Gay dating app pays out after leaking users’ nudes
The gay dating app Jack’d must pay out $240,000 (£189,000) for publicly exposing users’ nudes online.
According to the BBC, the app owner knew about the security flaw for a whole year before doing anything about it.
The flaw was reported by a cyber-security expert in February 2018, and was only fixed in February 2019.
According to a press release from New York Attorney General Letitia James, who reached the settlement with parent company Online Buddies, the nude photos of 1,900 members of the LGBT+ community were leaked.
She also ordered the app to implement a “comprehensive security program,” and to commit to resolving security issues promptly in the future.
More from PinkNews
James said: “The app put users’ sensitive information and private photos at risk of exposure and the company didn’t do anything about if for a full year just so that they could continue to make a profit.
“This was an invasion of privacy for thousands of New Yorkers. Today, millions of people across the country — of every gender, race, religion, and sexuality — meet and date online every day, and my office will use every tool at our disposal to protect their privacy.”
The app allows users to upload private photos which are only viewable to people the user has selected.

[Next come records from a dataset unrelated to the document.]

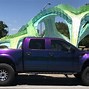Image result for Ford Raptor Colors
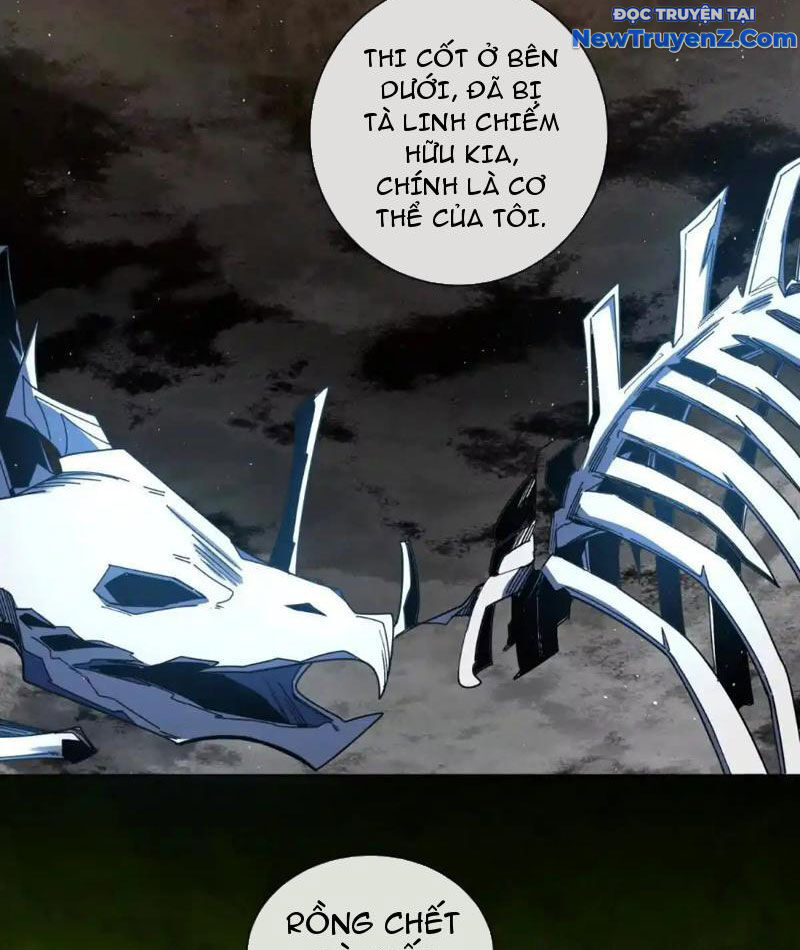 Ta Thành Vương Giả Từ Khắc Kim Chapter 25 - Trang 61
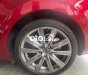 Mazda 6   2.5 signature 2022 2022 - mazda 6 2.5 signature 2022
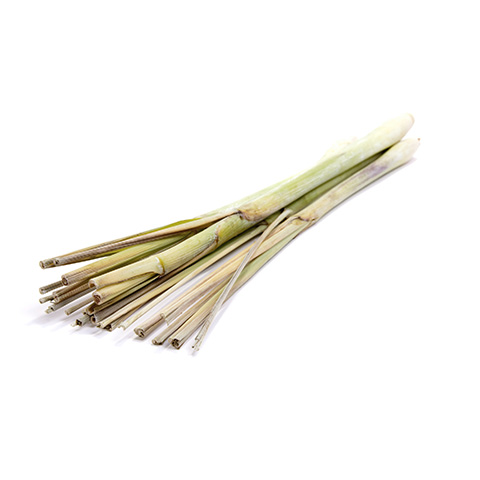 Lemon Grass | MARKON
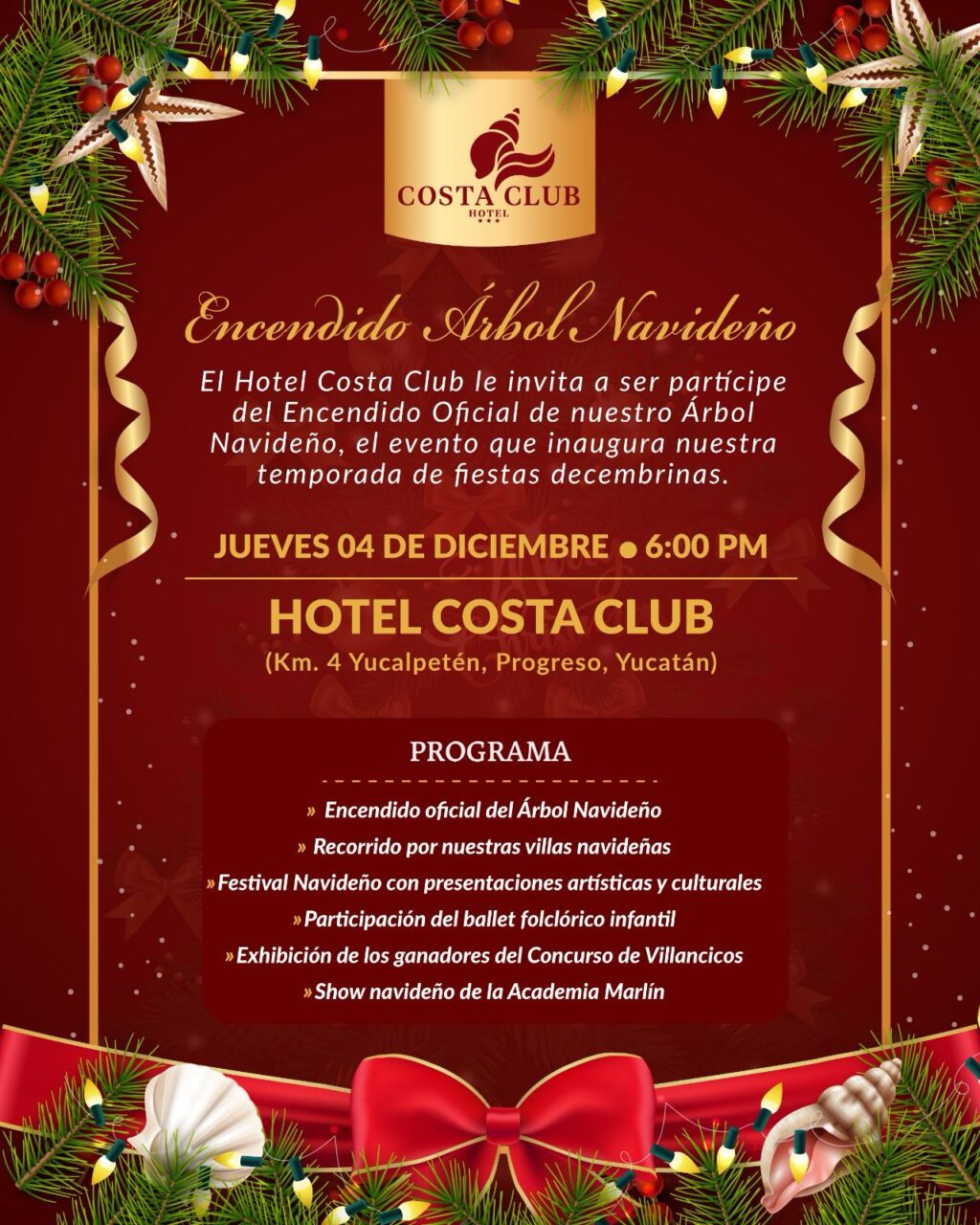 WhatsApp Image 2025-11-30 at 3.30.24 PM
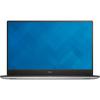 Dell XPS 15 9550 (9550-5000)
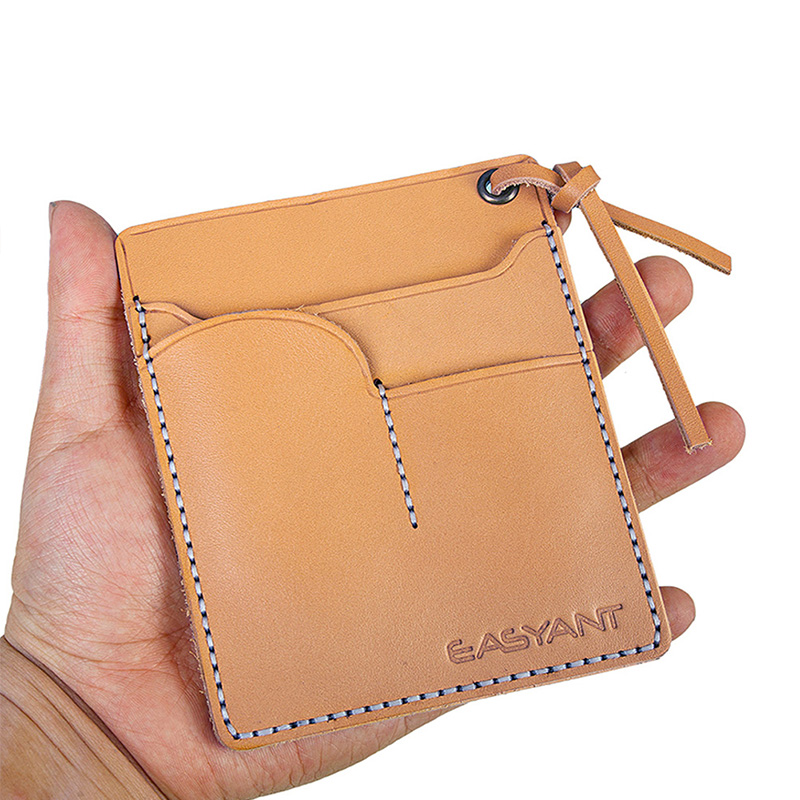 Fashion Trend Handmade Vegetab - Multitool Credit Card ulasan dan harga
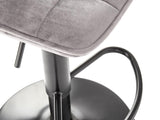 Counter stool 306138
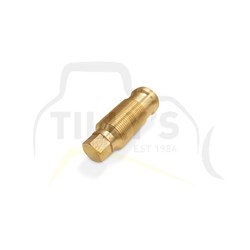 PLUG - OIL DRAIN
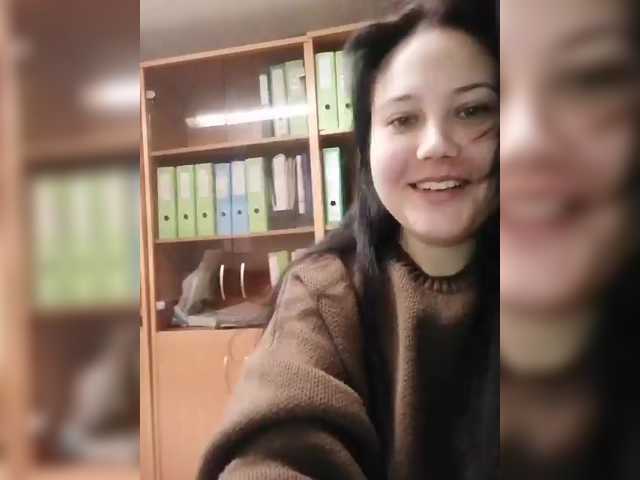 Polyk93's BongaCams show and profile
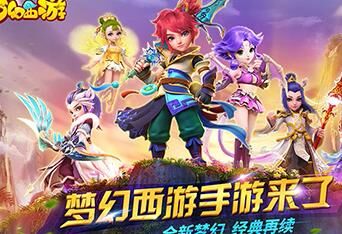 怎么攒罗汉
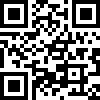 https://khabaronline.ir/x4bGc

The dating app put users at risk of violence and discrimination by exposing photos
The feature is intended to allow users to exchange intimate photos securely and privately, however all photos were uploaded to an open web server making them vulnerable to exposure.
The security flaw did not require someone to even have a Jack’d account, therefore anyone with an internet browser would have been able to access the private photos.
Users who had their photos exposed could have been outed, putting them at risk of violence, discrimination, or, if living in a country where homosexuality is still a crime, punishment or prison time.